• [WHAT IS EXPECTED]: An exact copy of the lines, starting at the top of the listing and ending with the line that has "Hey, fellow traders!", is the required answer. Pictures are not part of it.

• [GIVEN DATA]:

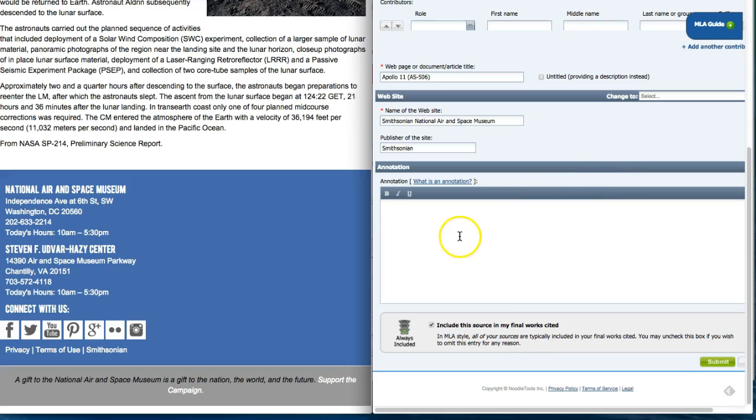Oh before I forget, don't forget to click submit. NoodleTools will not save unless you click submit. So make sure you click submit to save. Thank you.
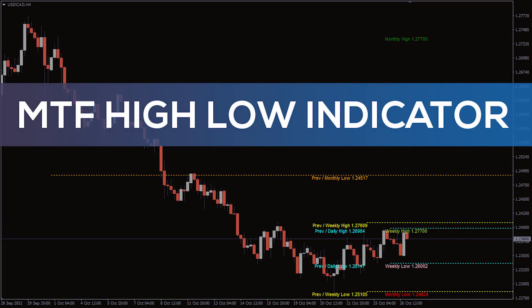Hey, fellow traders! In this video, we're gonna take a look at the MTF High-Low indicator for MT4.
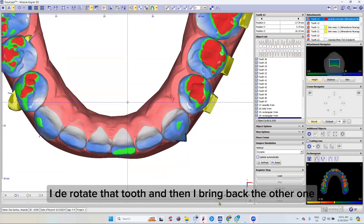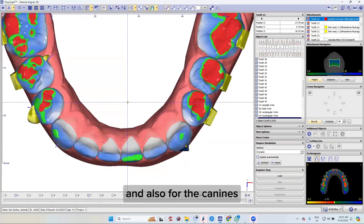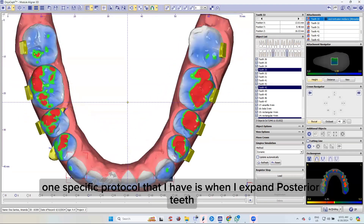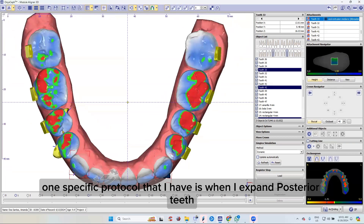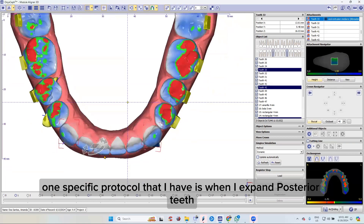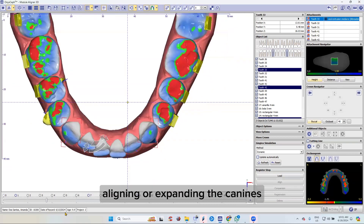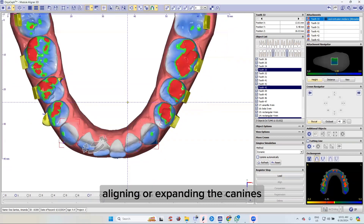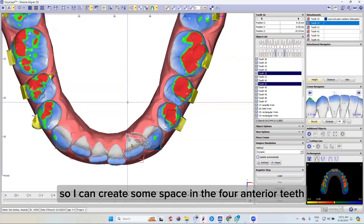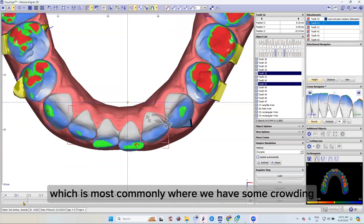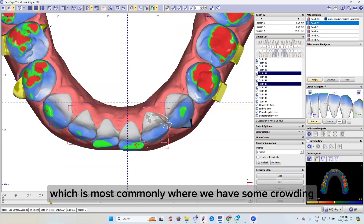I derotate that tooth and then I bring back the other one. For the canines, one specific protocol that I have is when I expand posterior teeth, I always start, if it's possible, aligning or expanding the canine so I can create some space in the four anterior teeth, which is most commonly where we have some crowding.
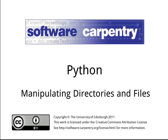Hello and welcome to the fifth episode of the Software Carpentry Lectures on handling files and directories in Python. We'll now look at creating and deleting directories and moving directories and files around.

• [EXERCISE SOLUTION]:
Oh before I forget, don't forget to click submit. NoodleTools will not save unless you click submit. So make sure you click submit to save. Thank you.
Hey, fellow traders! In this video, we're gonna take a look at the MTF High-Low indicator for MT4.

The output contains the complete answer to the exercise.